The many applications for polyolefin film materials include their use as back sheet materials in the construction of diapers, bed pads and similar articles. Such articles are normally constructed of an absorbent inner layer disposed between a non-woven top sheet and a back sheet film. Films based on olefin polymers such as low density polyethylene, linear low density polyethylene, polypropylene and copolymers of ethylene with one or more comonomers such as vinyl acetate, acrylic acid, acrylic acid esters and other olefin monomers containing from 3 to 8 carbon atoms have been particularly preferred for such uses. These materials can be formulated to possess the requisite properties of flexibility and moisture impermeability which render them suitable for such applications.
It is also desirable that film materials used in such applications meet other criteria. For example, because such films come into contact with the user, they should be soft to the touch similar to cloth materials, and also, be quiet when rumpled or crinkled. They should at the same time also possess good physical properties such as tensile, elongation, puncture strength and impact strength so that they are not readily torn or punctured under conditions of normal or more rugged use.
One of the more preferred polymer materials which has been used in the preparation of the aforementioned film materials is linear low density polyethylene (LLDPE), mainly because of its film strength and toughness. LLDPE may be produced by copolymerizing ethylene with a C.sub.4 to C.sub.10 alpha-olefin. Generally the preferred alpha-olefins include those selected from butene-1, pentene-1, hexene-1, 4-methylpentene-1, heptene-1, and octene-1. The comonomers are present in amounts up to 20 weight percent, normally, between 3 and 14 weight percent(wt. %). The polymerization is conducted at low pressure using a chromium catalyst or Ziegler catalyst and may be carried out in the gas phase. The LLDPE produced by such methods has a density between 0.900 and 0.935 g/cm3 and a melt index (MI) between 0.1 and about 25.0 grams/10 min, more preferably from about 0.1 to 5.0 grams/10 min. Manufacturing processes for the production of LLDPE are known such as disclosed in U.S. Pat. Nos. 4,076,698 and 4,205,021.

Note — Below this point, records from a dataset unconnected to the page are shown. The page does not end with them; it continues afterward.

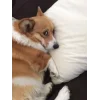 🤩 Эмодзи «Corgi» для Telegram
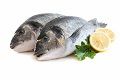 Fresh Fish
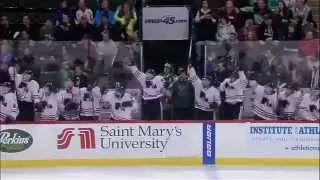 MN High School Hockey Tournament Tribute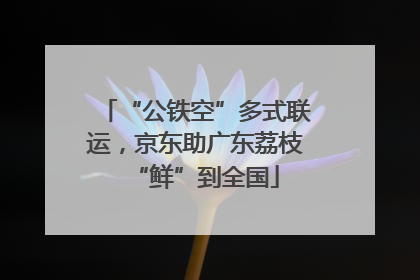 “公铁空”多式联运，京东助广东荔枝“鲜”到全国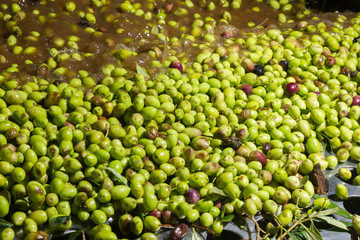 closeup of olives in a olive oil machine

Despite the good properties of films made using LLDPE, the melt processing properties of the polymer tend to restrict the process conditions under which cast films having a uniform thickness can be made. For example, a typical process for preparing an embossed film for use as diaper backsheet material is the slot-die cast extrusion process wherein the polymer is heated to a temperature generally in the profile range of about 350.degree. F. to about 550.degree. F. in an extruder and extruded through a slot die into the nip of a steel and rubber roll system. Where the film is to be embossed, the steel roll is engraved with a pattern of either protrusions (a male embossing roll) or depressions (a female embossing roll). The rubber roll serves as a backing roll into which the steel roll pattern is impressed during the formation of the film. Thus the roll system serves both to film-form and texture the polyolefin material. The speed of the rubber and steel rolls is maintained to permit continuous embossing of the film and subsequent take up of the film on a wind up roller after it exits the steel/rubber roller nip.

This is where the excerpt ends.